◆ Exercise data
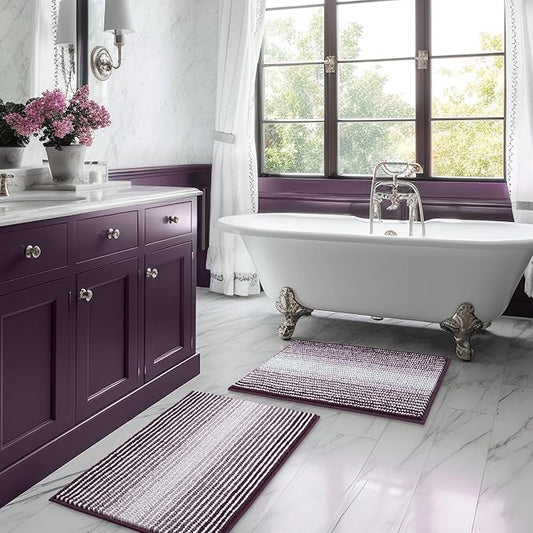 BSICPRO Bathroom Rugs and Mats Sets, 2 Piece Thick Absorbent Chenille Bath Mat Rug Set Non Slip, Soft Shaggy Bath Room Floor Mats for Bathroom, Machine Washable (Mauve Wine, 20" x 32" Plus 16" x 24")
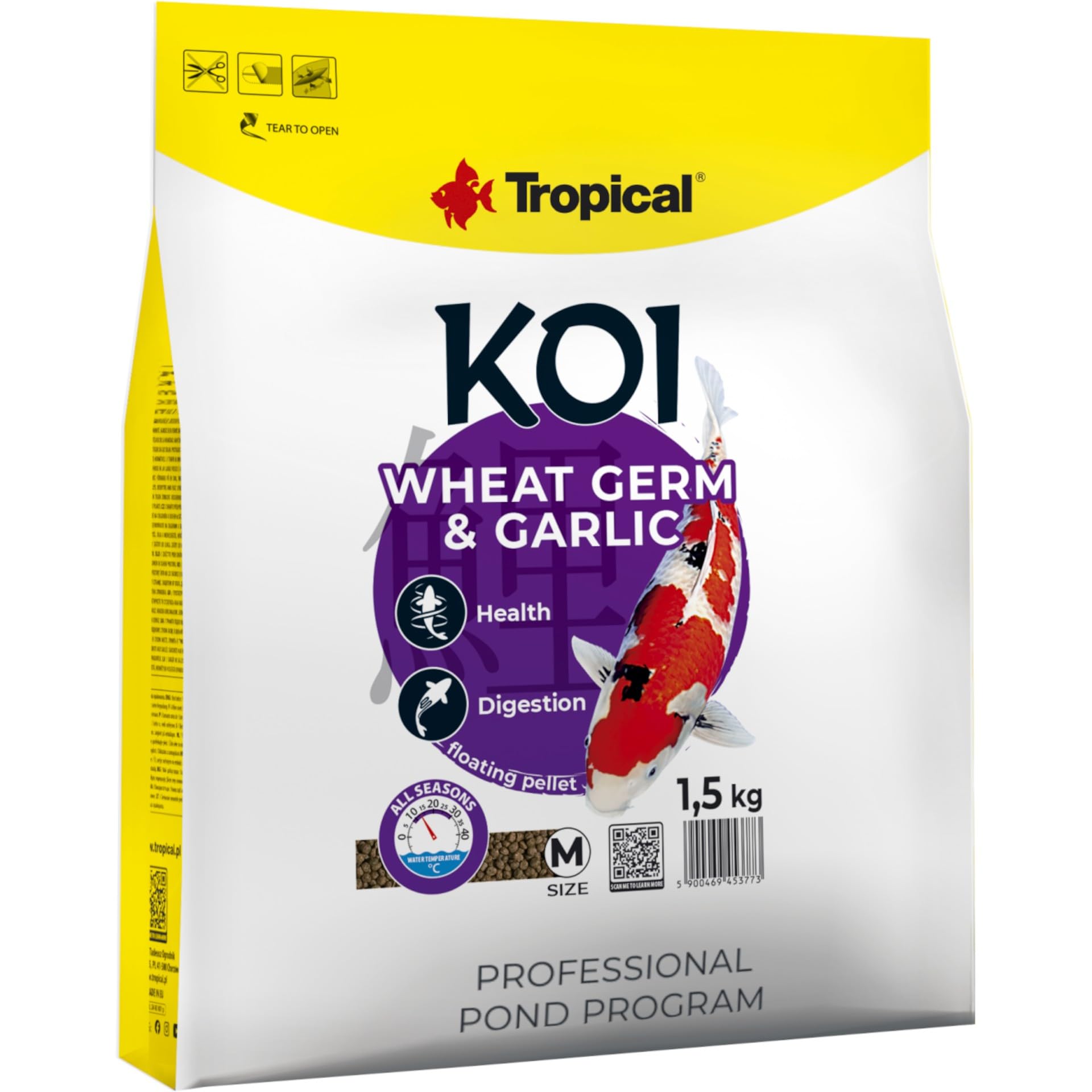 KOI WHEAT GERM & GARLIC PELLET SIZE M 5L / 1,5kg - mangime per piccoli pesci da laghetto, mangime quotidiano per koi, range di temperatura dell'acqua da 8 a 30°C.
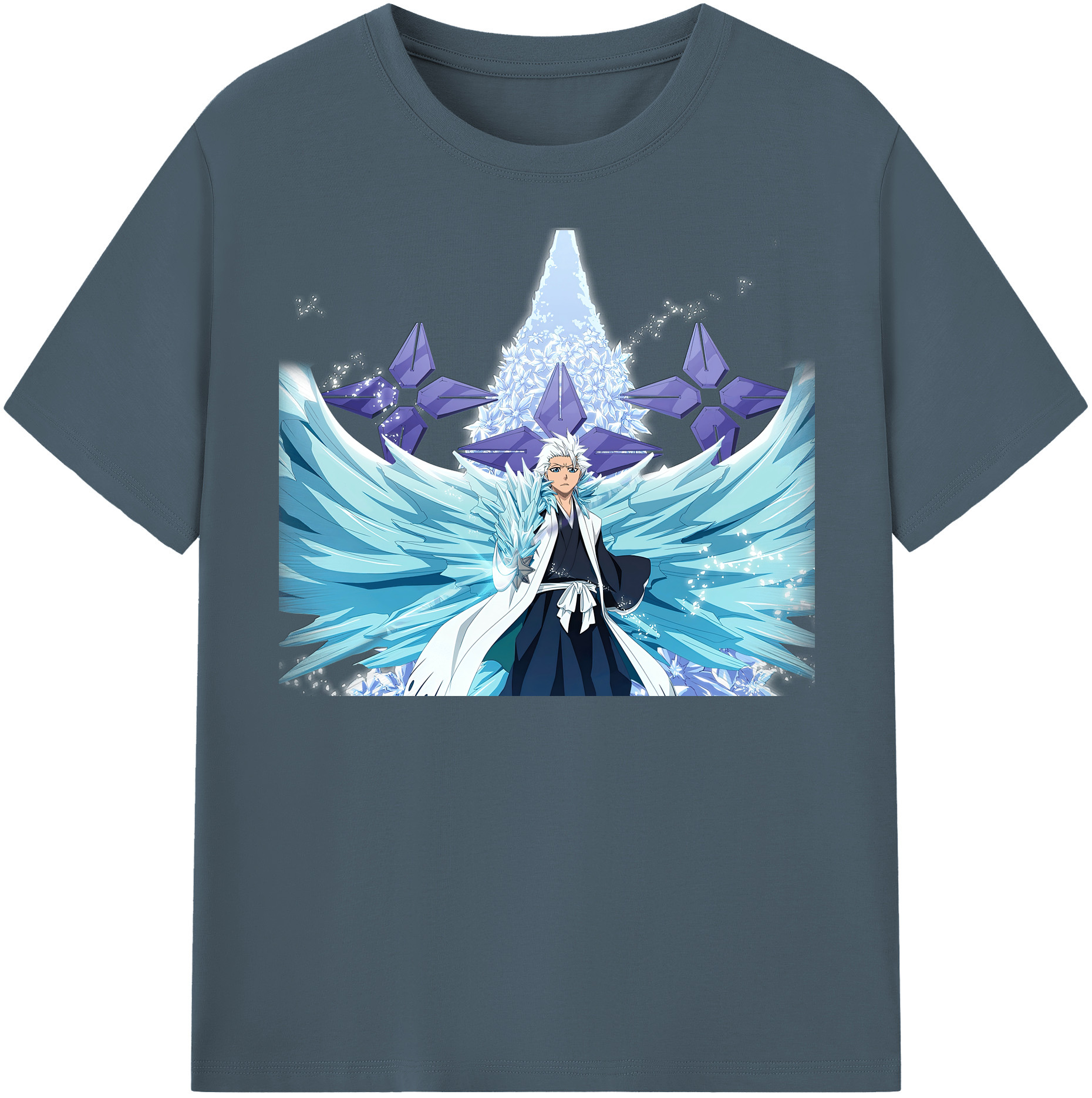 （画像用） ブリーチ 日番谷冬獅郎（ひつがや とうしろう） BLEACH Hitsugaya Toushirou 綿100％半袖Tシャツ（フロントプリント）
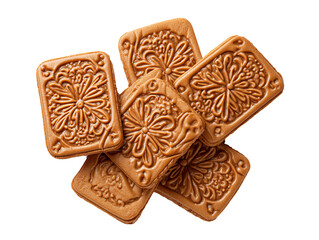 Delicious caramel cookies in intricate design, a delightful treat for any occasion Isolated Transparent Background, PNG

◆ Exercise
Start with the line with "KOI WHEAT GERM" in the listing above and stop after the line with "Hitsugaya Toushirou 綿100％半袖Tシャツ（フロントプリント）". Write out exactly the lines in that stretch and no others, without pictures.

◆ Output of the exercise
 KOI WHEAT GERM & GARLIC PELLET SIZE M 5L / 1,5kg - mangime per piccoli pesci da laghetto, mangime quotidiano per koi, range di temperatura dell'acqua da 8 a 30°C.
 （画像用） ブリーチ 日番谷冬獅郎（ひつがや とうしろう） BLEACH Hitsugaya Toushirou 綿100％半袖Tシャツ（フロントプリント）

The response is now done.